Home energy use in the UK is currently responsible for producing more than 27% of all carbon emissions.
Whereas progress to reduce this is being made by improving the energy performance of new build properties, we must face the huge challenge of addressing existing, older inefficient properties, many of which will still be standing and occupied by 2050.
Such inefficient homes account for more than 90% of the existing housing stock, which highlights the importance of adapting them to suit 21st century living. Improving the thermal efficiency of existing properties will not only help meet the challenges of climate change, it will help householders tackle rising fuel costs, encourage well being and a provide a healthier living environment.
As part of Huntingdonshire District Council’s commitment to reduce carbon emissions and tackle climate change, we have purchased two properties, which will be ‘sustainably’ refurbished and opened up to the public as demonstration homes.
In Huntingdonshire approximately 67,000 homes are privately owned.
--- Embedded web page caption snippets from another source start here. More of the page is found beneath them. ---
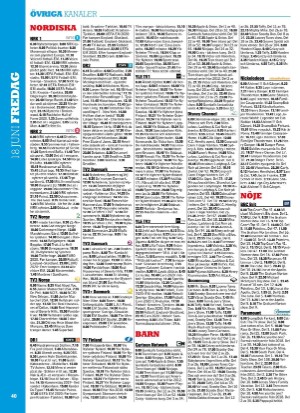 aftonbladet_tv-20210614_000_00_00_040.pdf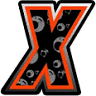 Xxtreme Clean Pty Ltd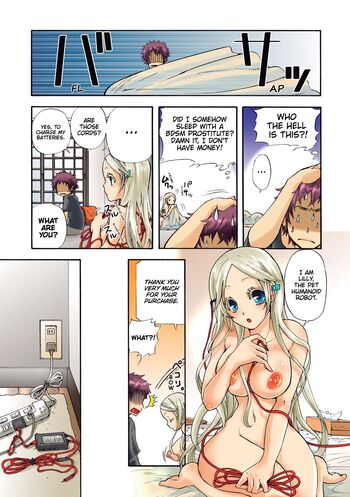 Page 56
There is huge potential to improve the energy and water efficiency of the properties, which will help to reduce the district’s carbon footprint and bring existing homes up to a higher level of environmental performance.
The UK Government is committed to reducing carbon emissions by 80% by the year 2050.
If we are to reduce our carbon emissions and help slow down the effects of climate change we need a step change in our thinking – the way we live, travel and refurbish our properties plays a major part in that. It’s important for the Green House Project to demonstrate and influence sustainable refurbishment and to encourage a ‘low carbon lifestyle’.
The district council is working with the Building Research Establishment (BRE), whose expertise and guidance is integral to the project. The BRE will be providing the specifications for the improvements, which will be based around the results of extensive thermal and acoustic testing which has already been undertaken in both of the houses.
The Green House Project will take a ‘whole house’ approach to refurbishment, starting with the building fabric and insulation, windows, heating systems, ventilation, water efficiency measures and the installation of renewable energy technology including solar thermal for hot water and solar photovoltaics (PV) for energy.